Reputation: 525
I am lost in the relationship between the recall value and area under the precision-recall curve. I am using a binary classifier to classify an imbalanced dataset. I recorded the recall value and the area under the precision-recall curve value by the default sklearn python package. In my case, class 1 is the rare class and class 0 is the other class.
I trained two models. The second model I used oversampling method to balance the training dataset. The testing dataset has never been touched in both models. Here are the recorded values of the testing dataset.
Training with imbalanced dataset.
recall: 0.629, auc of precision-recall: 0.8828
Training with balanced dataset
recall: 0.8426, auc of precision-recall: 0.884
My questions are:
why the recall value improved but the precision-recall curve does not change?
Can I say that if I choose an appropriate threshold, the first model is as good as the second one?
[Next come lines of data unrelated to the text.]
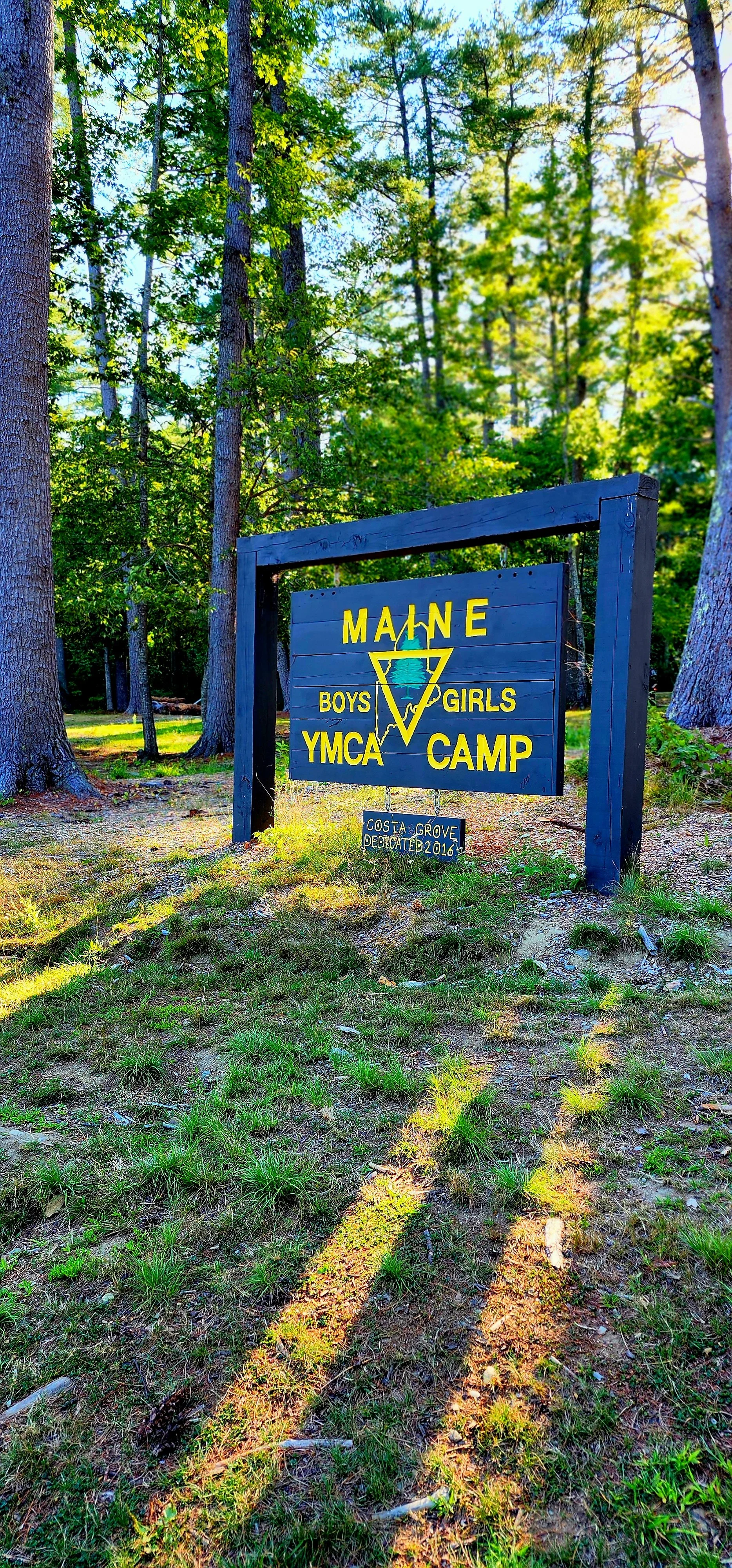 A wooden sign saying, "Maine YMCA Camp"
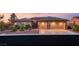 Charming single-story home featuring a well-manicured front yard, desert landscaping and a two-car garage at 20 Kittansett Loop, Henderson, NV 89052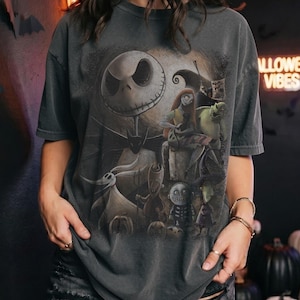 May include: A charcoal gray short-sleeve t-shirt featuring a large graphic print of characters from The Nightmare Before Christmas, including Jack Skellington, Sally, Zero, and other figures set against a full moon background with dark silhouettes.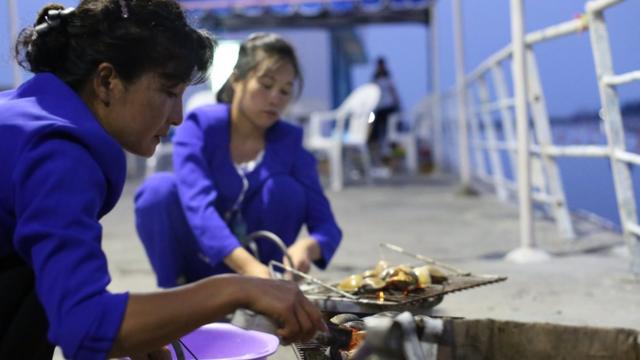 Dos mujeres asando almejas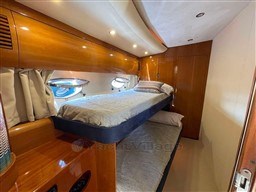 Luxurious 2002 Princess V65 yacht cabin with wooden interior and bunk beds.
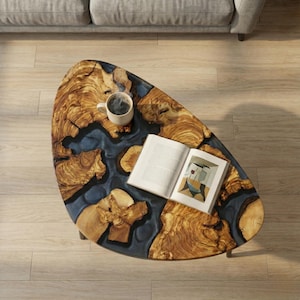 May include: Oval coffee table with a unique design. The table features a wooden surface with a blue resin river, a cup of coffee, and an open book. The table is approximately 48 inches long.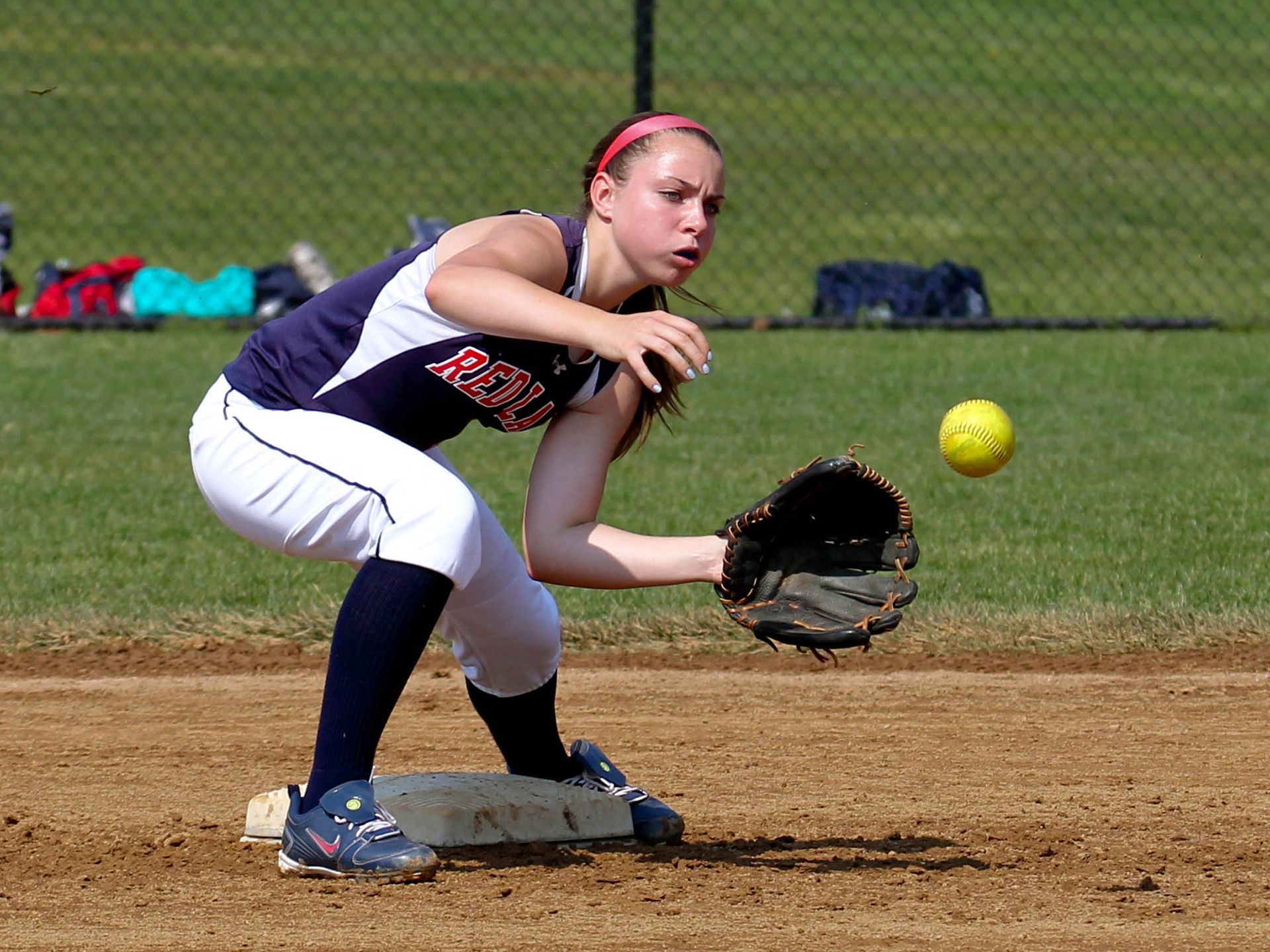Softball player crouches at base, glove ready for a yellow ball on the dirt infield.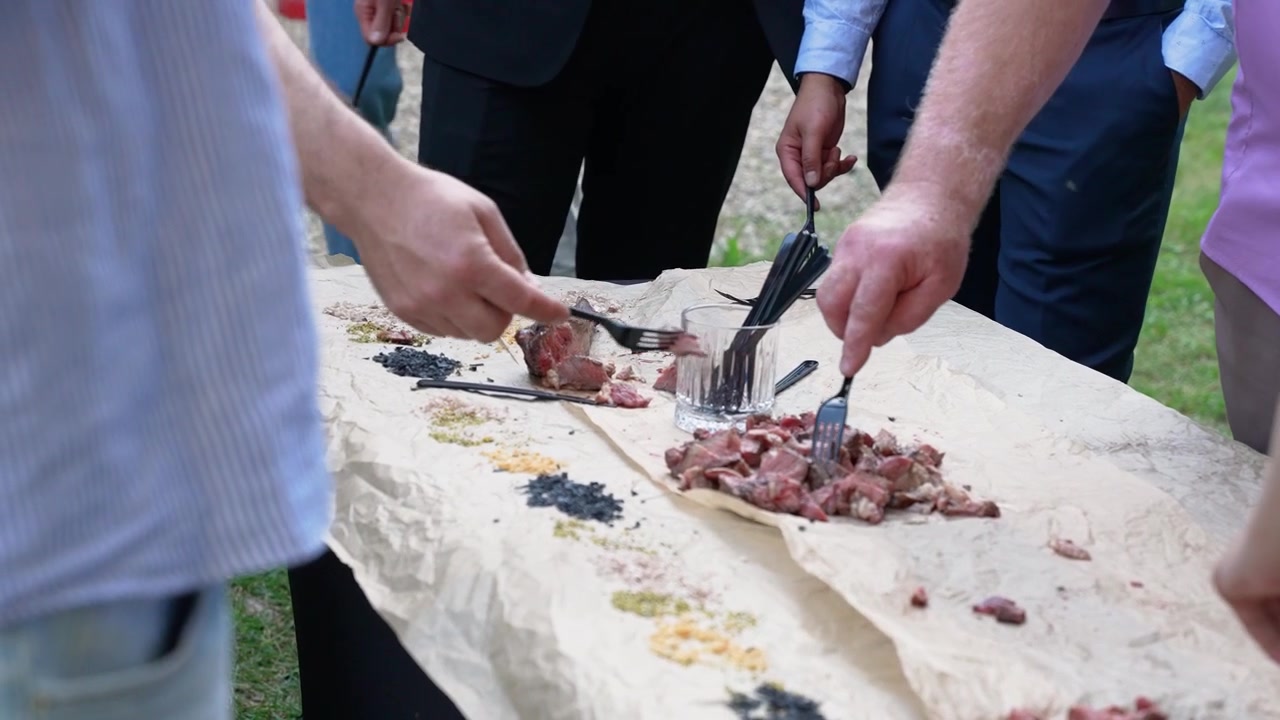 Un gruppo di uomini in abbigliamento casual elegante si riunisce attorno a un tavolo rustico all'aperto, gustando carne tenera e spezie assortite alla luce naturale del giorno, catturando momenti di convivialità vivaci e spontanei
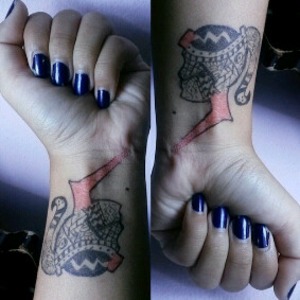 jeslyn on blue, drawing pen at tattoo. 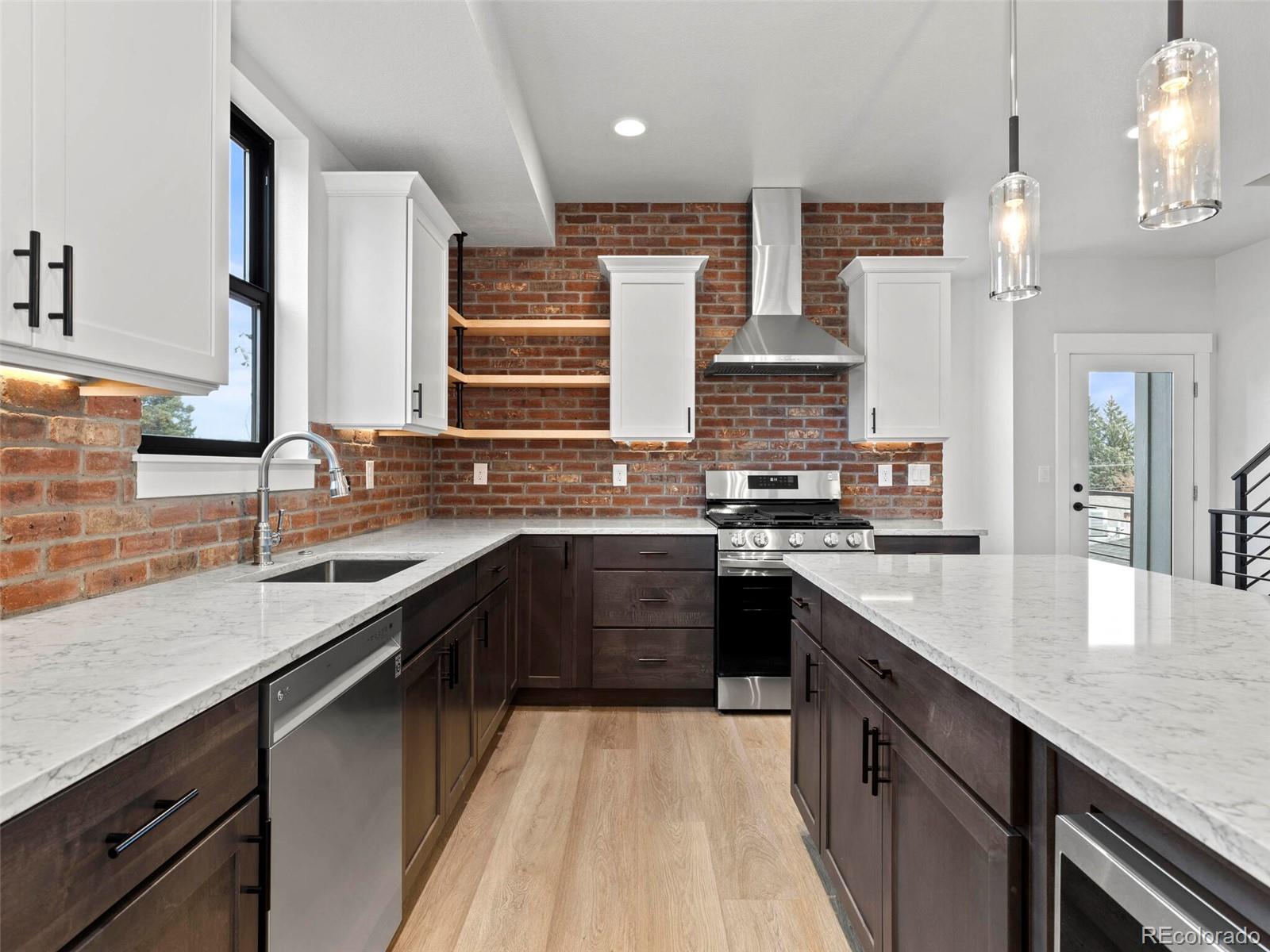 a kitchen with stainless steel appliances granite countertop a sink a stove and a wooden cabinets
Which evaluation matrix should I focus on?
Can I safely say this model is tolerant to imbalanced dataset since the area under precision-curve does not change much?
Upvotes: 0
Views: 195
Reputation: 692
why the recall value improved but the precision-recall curve does not change?
Try to plot the precision-recall curve for both pieces of training in the same graph. then you will surely understand why this happens. and for clarification what is the class [1 or 0] for the case of TP?. If it is 1 then it makes sense because the class balancing generally, increases FP value also, we do call balancing to increase the recall value for the rare class in the distribution.
Can I say that if I choose an appropriate threshold, the first model is as good as the second one?
It is one of the reasons we do confusion matrics analysis. especially in the binary classification case, it calculates loss related to the boundaries [1 and 0] not related to the actual class separation value.so, you can check recall & recall-precision AUC value with class separation value.
Which evaluation matrix should I focus on?
It depends on your domain of the case; choose the best model considering sensitivity and specificity value required.
Upvotes: 0